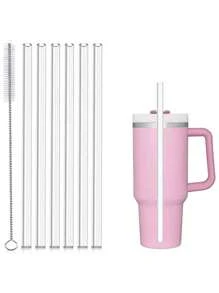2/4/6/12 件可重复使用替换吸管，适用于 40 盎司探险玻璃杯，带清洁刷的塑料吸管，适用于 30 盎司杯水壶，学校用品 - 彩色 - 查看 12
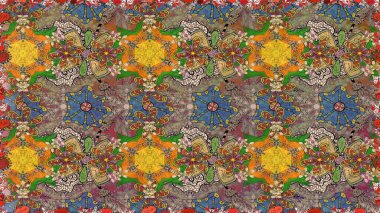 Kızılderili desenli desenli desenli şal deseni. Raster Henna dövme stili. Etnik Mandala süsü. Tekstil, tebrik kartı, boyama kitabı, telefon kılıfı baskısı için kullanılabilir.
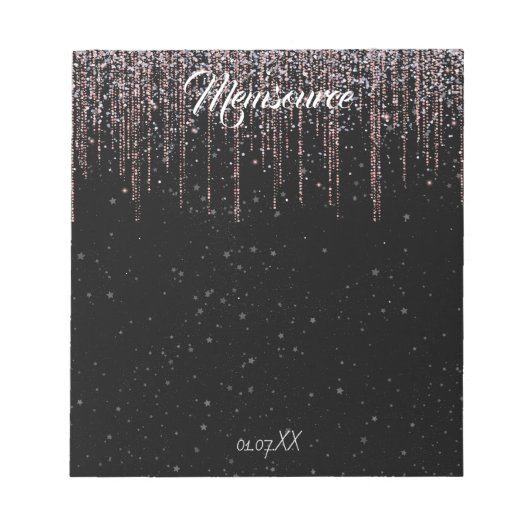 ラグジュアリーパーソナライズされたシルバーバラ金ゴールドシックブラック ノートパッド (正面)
--------------------------------------------------
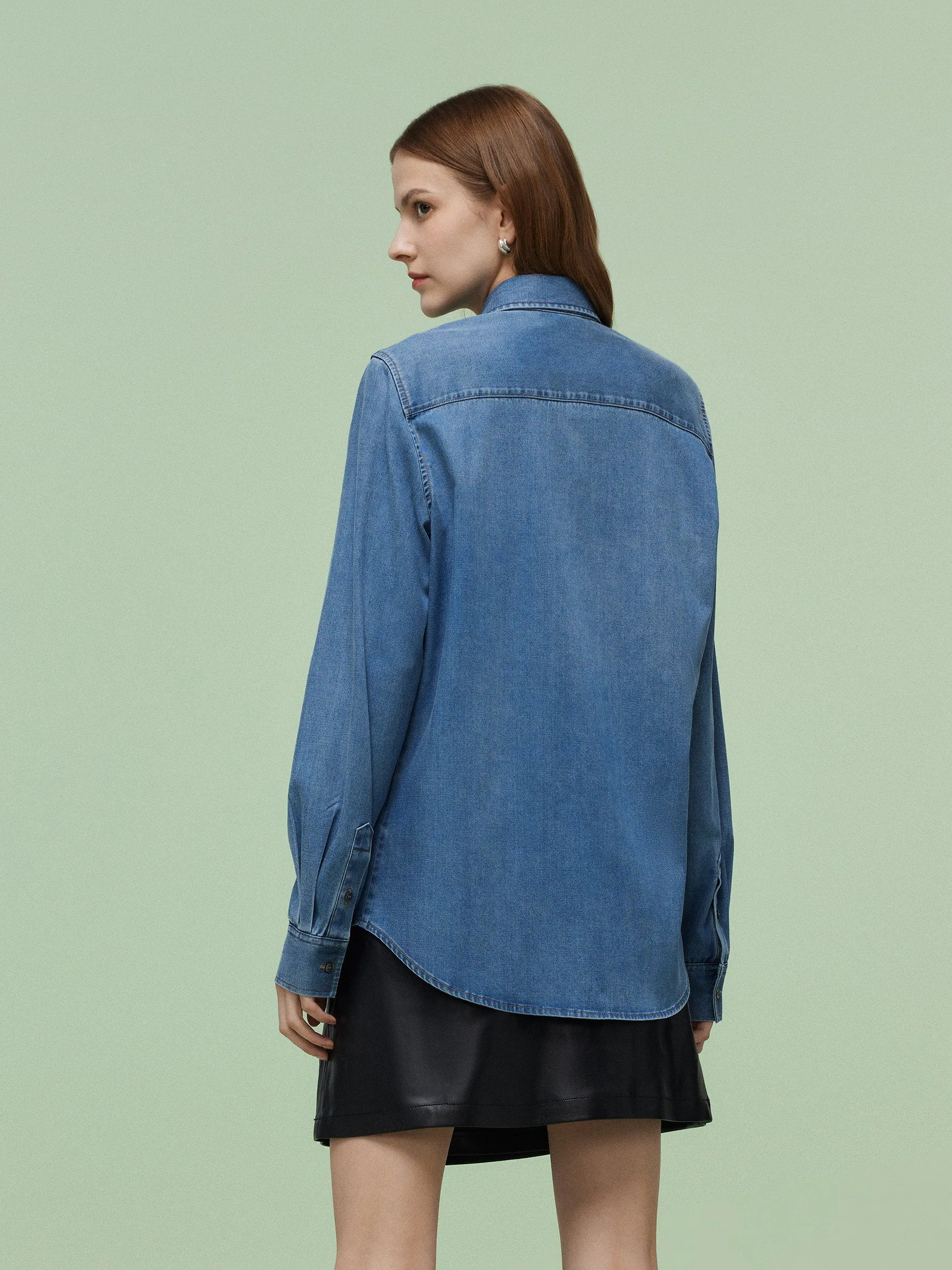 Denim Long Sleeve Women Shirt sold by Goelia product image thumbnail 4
--------------------------------------------------
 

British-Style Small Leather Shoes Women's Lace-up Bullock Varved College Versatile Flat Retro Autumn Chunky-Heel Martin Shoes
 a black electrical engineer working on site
--------------------------------------------------
TASK =
Working from the records above, write out verbatim only the lines from the line containing "British-Style Small Leather" through the line containing "a black electrical engineer working on site".

TASK ANSWER =
British-Style Small Leather Shoes Women's Lace-up Bullock Varved College Versatile Flat Retro Autumn Chunky-Heel Martin Shoes
 a black electrical engineer working on site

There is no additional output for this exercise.